Danghyang Angsoka sendiri, lebih lanjut, adalah putra dari Danghyang Asmaranatha. Ia (Danghyang Angsoka) memiliki satu saudara laki-laki yang tadi sudah saya jelaskan di atas. Dialah Danghyang Dwijendra, alias Danghyang Nirartha. Jadi bisa dibilang, Danghyang Dwijendra ini adalah kakek-paman dari Sri Kresna Kepakisan. Ini juga menjadi sebab Danghyang Nirartha langsung dijadikan purohita kerajaan pada masa pemerintahan Dalem Waturenggong.

Lebih lanjut, karena kenabiannya, kisah hidup Danghyang Nirartha penuh dengan keajaiban. Umurnya yang sangat panjang pun dijelaskan sebagai sebuah mitos, kendati tentu memerlukan pembuktian yang lebih mendalam. Cerita lengkap perjalanan hidupnya dirangkum dalam beberapa babad, namun babad yang paling lengkap adalah Babad Dwijendra. Beberapa peninggalan Danghyang Nirartha bisa dilihat kini di Bali dan Lombok. Contohnya Pura Tanah Lot dan Pura Uluwatu.

Selanjutnya, Danghyang Asmaranatha sendiri bersaudara tiga orang, semuanya pendeta Siwa atau Buddha. Yang pertama adalah Danghyang Siddhimantra, ayah dari Manik Angkeran, yang menurut beberapa legenda bercampur mitos berkatnyalah Pulau Bali dan Pulau Jawa bisa terpisah.

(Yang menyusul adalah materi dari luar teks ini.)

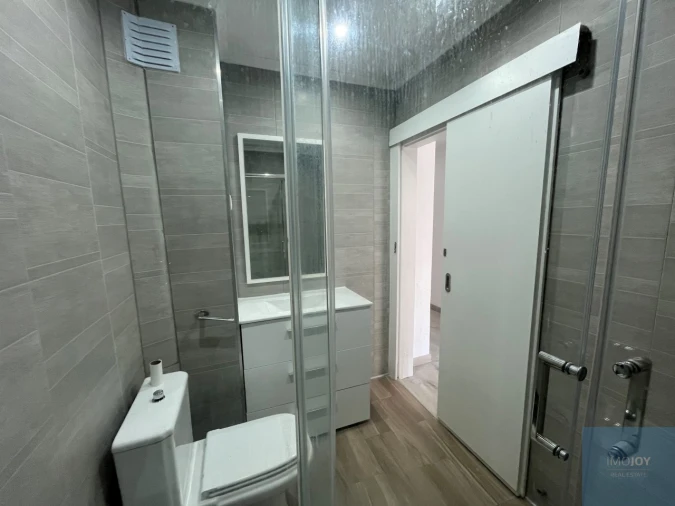 Apartamento T2 para Venda em Carnide Foto 30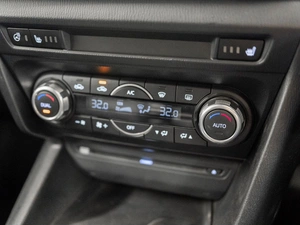 Хетчбэк Mazda Axela 2018 года, 1500000 рублей, Красноярск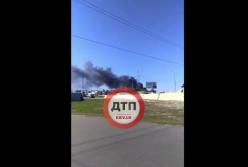 Под Киевом вспыхнул сильный пожар возле АЗС (видео)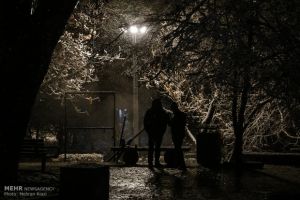 بارش برف رونق را به گردشگری زمستانه تهران آورد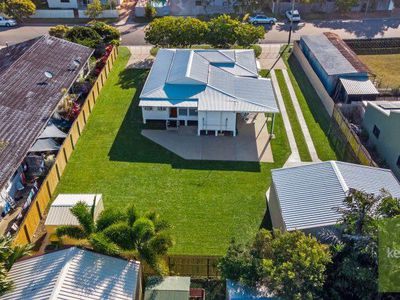 12 Vaughn Street, West End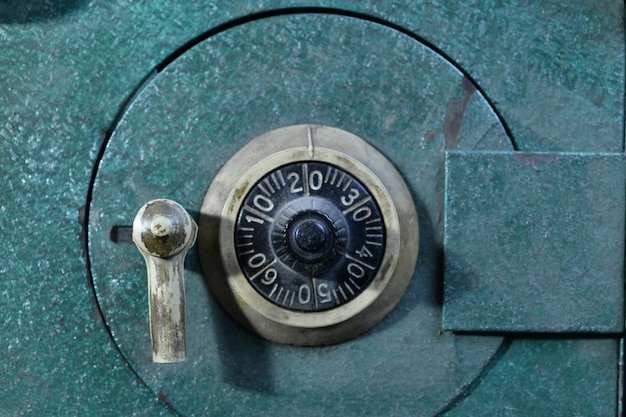 Close-up van het roterende combinatieslot van een vintage kluis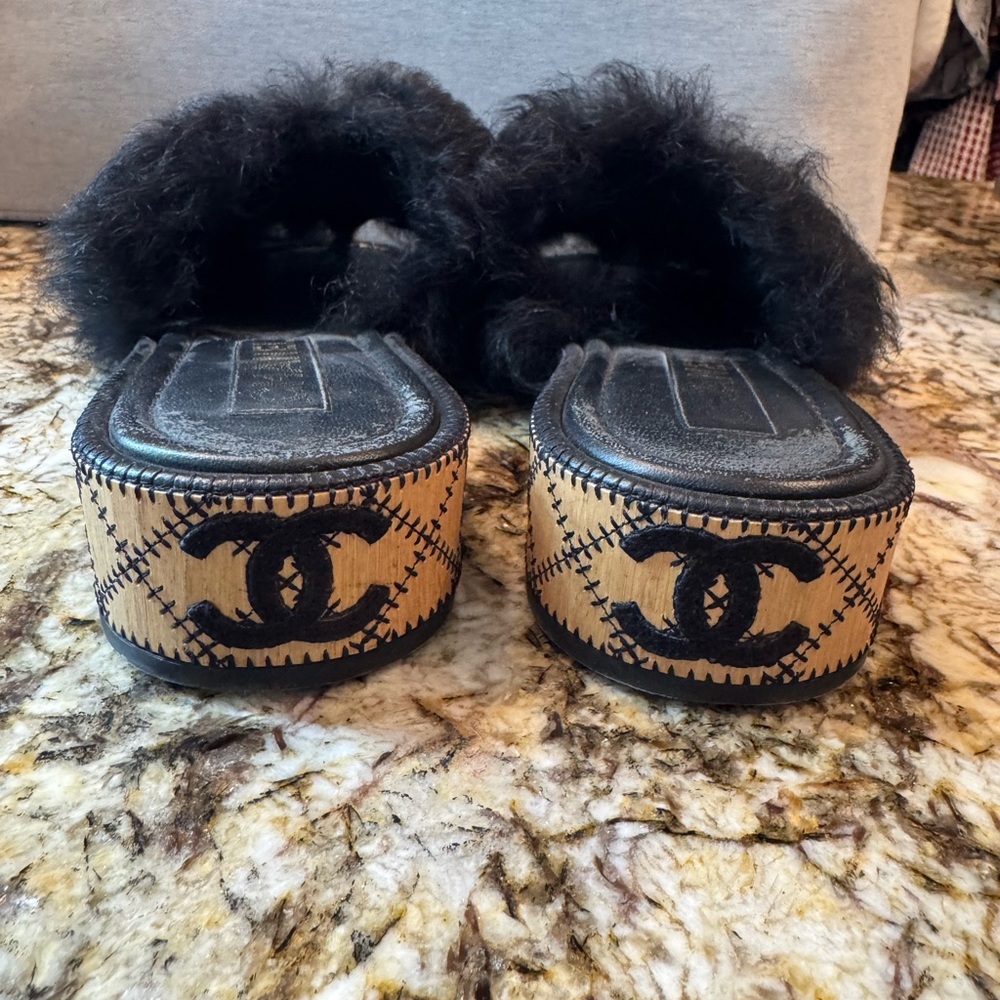 CHANEL Black and Tan Fur Slides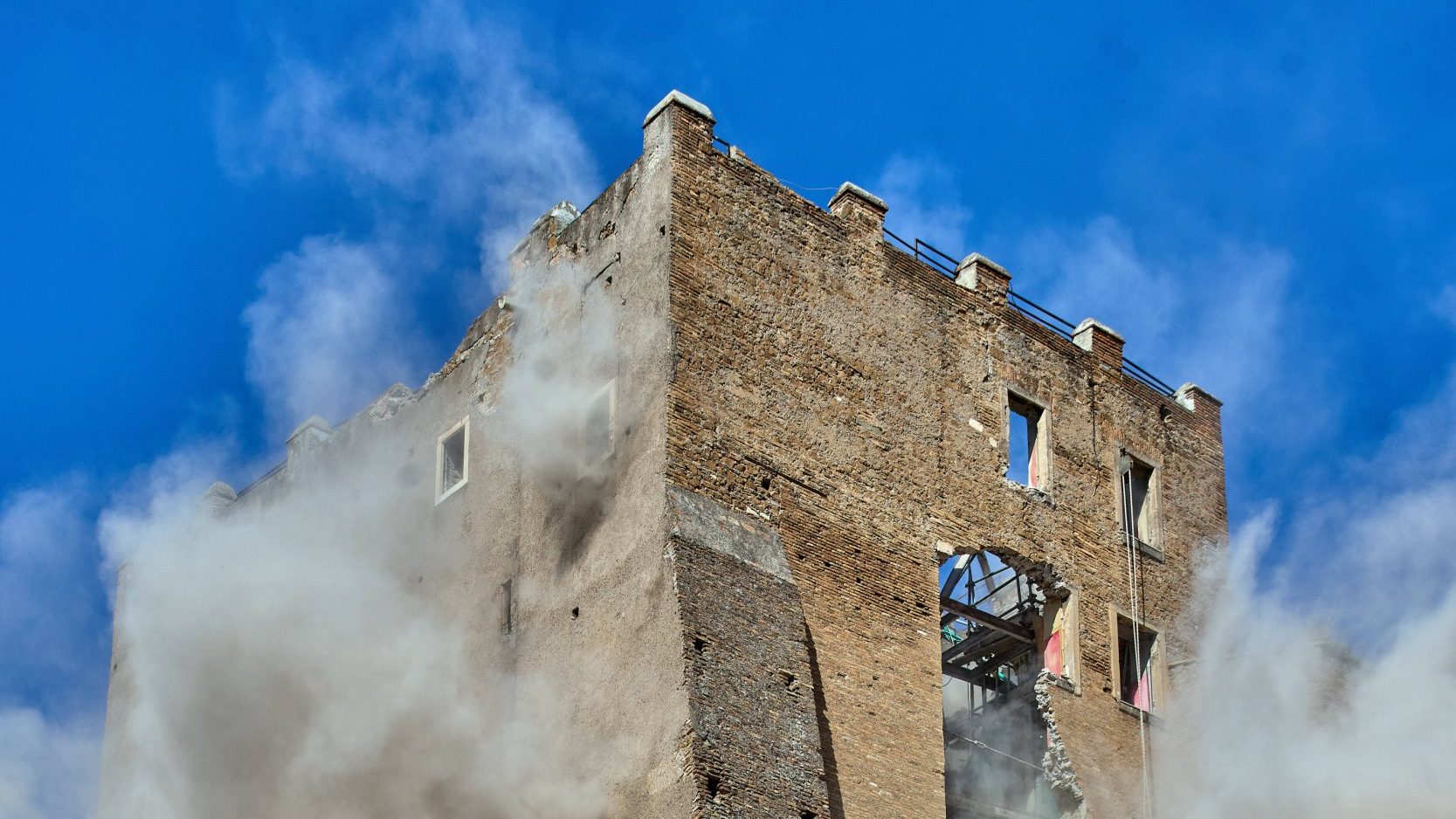 Medieval tower collapses close to Rome’s Colosseum, killing worker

Yang kedua dan ketiga, berturut-turut adalah Danghyang Panawasikan dan Danghyang Kepakisan (namanya kebetulan sama). Bersama-sama dengan Danghyang Asmaranatha, mereka adalah empat bersaudara putra dari seorang pendeta besar di zaman Majapahit:

Danghyang Angsokanatha, alias Mpu Tantular.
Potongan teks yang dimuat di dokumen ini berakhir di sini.